Por que me Ufano do Meu País é o nome de um livro escrito no ano de 1900 por Afonso Celso, escritor medíocre que pouco ou quase nada mais produziu. Na década de 1960, em plena ditadura militar, Millôr Fernandes escreveu uma peça teatral com o mesmo título, mas evidentemente de sentido oposto, uma crítica irônica que a censura da época proibiu, mais por causa do título que pelo conteúdo em si. O fato é que o livro tornou popular o termo “ufanismo”, no sentido otimista, significando orgulho ou auto-elogio em relação a um país (para entender melhor seu significado, leia aqui). Como os militares usaram e abusaram desse recurso para ganhar apoio das massas, a palavra acabou ganhando caráter pejorativo, como algo que se devesse evitar a todo custo. Nesse raciocínio, todo ufanista seria, necessariamente, um defensor do país e, por extensão, do governo.

Talvez por essa, digamos, confusão vernacular, ufanismo e ufanistas andavam meio em baixa nas últimas décadas. Foram ressuscitados no governo Lula, que usou o recurso mais do que conhecido – semelhante ao de Hitler na Alemanha, Mussolini na Itália, Bush nos EUA e da maioria dos governos militares na América Latina – de apelar ao patriotismo para conquistar apoio popular. Como se todos os que criticam o governo fossem antipatriotas. E assim reapareceram os ufanistas, para quem as matas brasileiras são mais verdes, o céu mais azul, blá-blá-blá…

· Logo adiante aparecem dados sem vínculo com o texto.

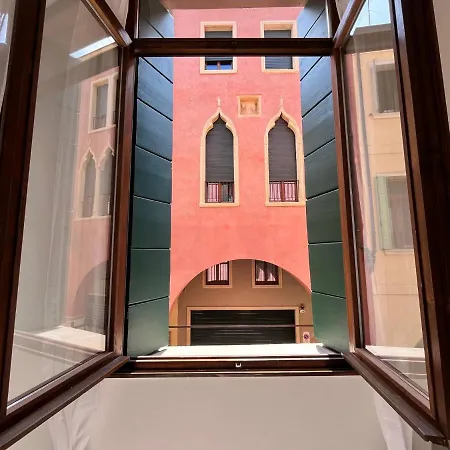 Ai Portici Di Via Savonarola Apartment *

É preciso cuidado com tais figuras. Nem sempre são apenas sinceros defensores da pátria; e quase sempre utilizam esse surrado argumento para defender apenas seus próprios interesses. Coloco nessa categoria os ardorosos apoiadores das cotas para conteúdos nacionais nos canais de TV paga, recentemente aprovadas pelo governo. Comentei o assunto aqui outro dia com o intuito de alertar leitores que eventualmente não sabem o que está por trás desse tipo de legislação – o mesmo espírito que sustentou durante anos a famigerada reserva de mercado da informática, que manteve o Brasil no atraso tecnológico do qual está dificílimo sair. E alguns leitores responderam de pronto, mostrando estarem sempre alertas.

Como já bem definiu o senador Cristóvão Buarque: por não saber resolver seus problemas de modo racional, o Brasil acabou criando meias-soluções, como é o caso das inúmeras Bolsas sociais e das cotas para negros nas universidades. A rigor, ninguém pode ser contra incentivos à produção cultural brasileira, embora as leis criadas até hoje tenham servido, muitas vezes, a perpetuar privilégios de amiguinhos do poder. Basta ver como são distribuídas as verbas de estímulo à produção de filmes, cujos beneficiários são invariavelmente os mesmos e das quais raramente prestam contas. De qualquer forma, seria ótimo que o país tivesse uma verdadeira política cultural, desde que baseada no mérito e na diversidade, não no protecionismo e no tráfico de influência.

Infelizmente, não é o caso de cotas, de qualquer natureza. Apenas para cumprir a nova lei, as programadoras deverão apelar para conteúdos de baixo custo. E, sem financiamento nem cobrança de resultados ou metas de qualidade (algo intangível no ramo cultural), mas com espaço garantido na mídia por imposição da lei, os produtores ditos “independentes” só ganharão visibilidade se usarem o esquema já adotado na maioria das TVs abertas: partir para a baixaria. Ou, se preferirem, recorrer ao velho ufanismo. Das duas formas o país sairá perdendo.

1 thought on “A volta do velho ufanismo

  1. Medida arcaica e desalentadora. Reserva de mercado pura, da qual já tivemos, em outros setores (automobilístico, informática, etc.), péssimos exemplos, que de nada contribuíram para o desenvolvimento do país. Reflexo da visão de “modernidade” dos nossos atuais “governantes”. Lamentável.